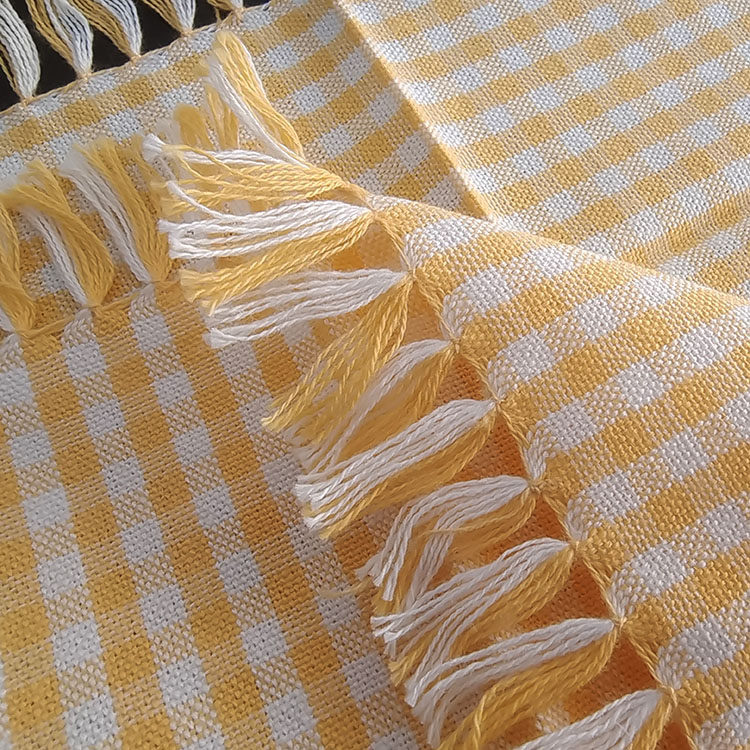 3-Piece Yellow Gingham Cotton Kitchen Linen Set - Reversible Placemat, Fringed Napkin & Quilted Pot Holder - Yarn Dyed Checkered Dining Bundle - Image 8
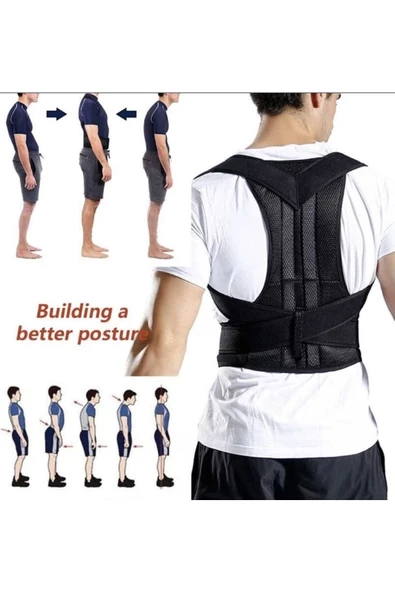 Çift Balenli Dik Durus Korsesi Bayan Erkek Bel Sırt Dik Durmak Için Korse - Resim 4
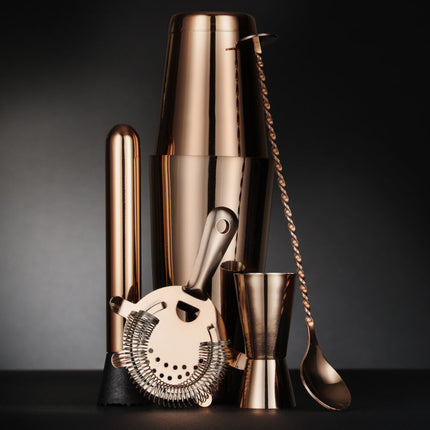 Bar Up Bartender set in a tube, shaker, jigger, strainer, muddler, spoon - copper – image 6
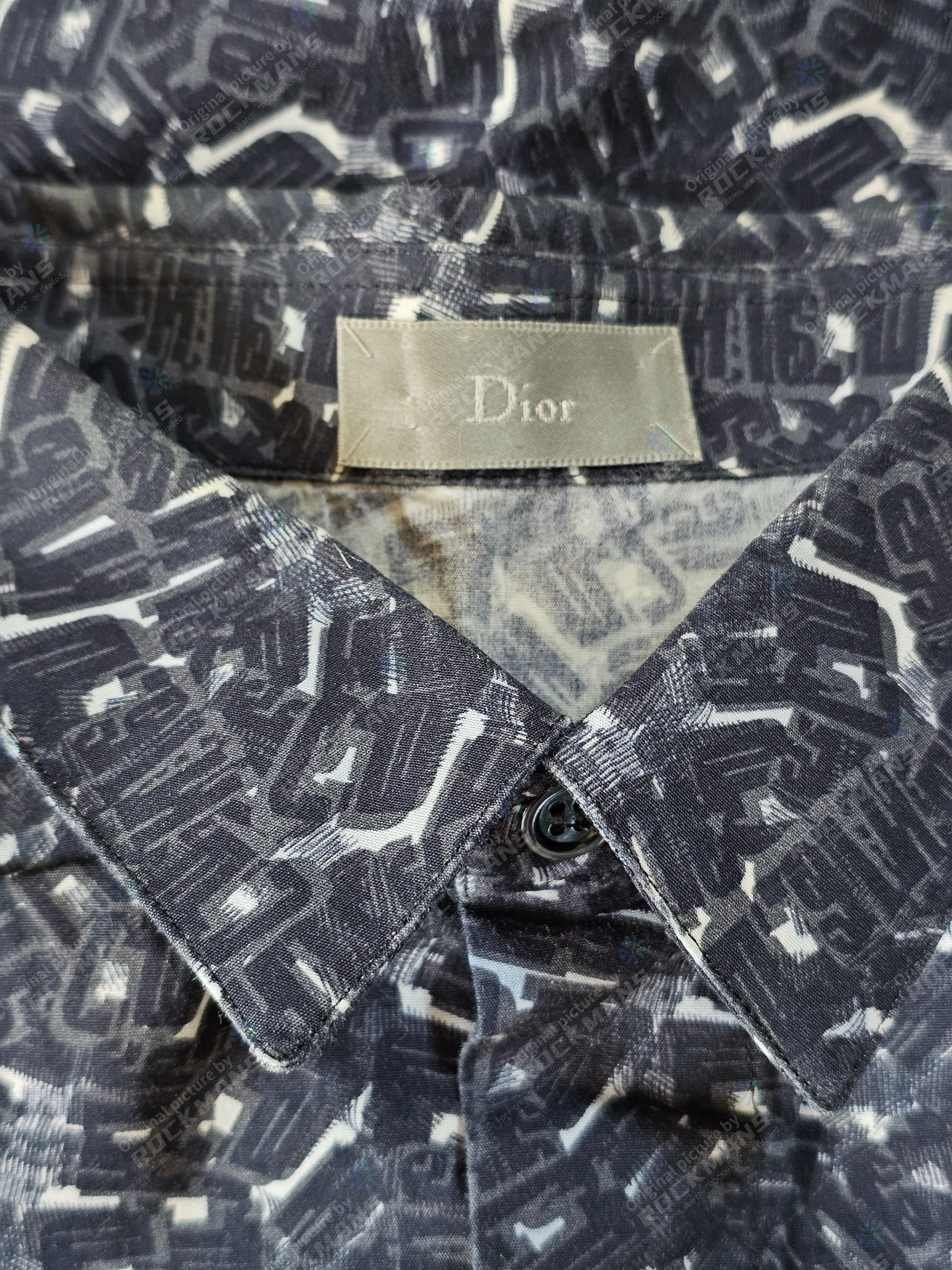 Dior Dior Men's Print Shirt Navy Blue Size 41 Size US M / EU 48-50 / 2 - 4 Thumbnail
※ ※ ※
Would you set down each line of the data exactly, with no images included?

▶ [RESPONSE TO THIS EXERCISE]
 3-Piece Yellow Gingham Cotton Kitchen Linen Set - Reversible Placemat, Fringed Napkin & Quilted Pot Holder - Yarn Dyed Checkered Dining Bundle - Image 8
 Çift Balenli Dik Durus Korsesi Bayan Erkek Bel Sırt Dik Durmak Için Korse - Resim 4
 Bar Up Bartender set in a tube, shaker, jigger, strainer, muddler, spoon - copper – image 6
 Dior Dior Men's Print Shirt Navy Blue Size 41 Size US M / EU 48-50 / 2 - 4 Thumbnail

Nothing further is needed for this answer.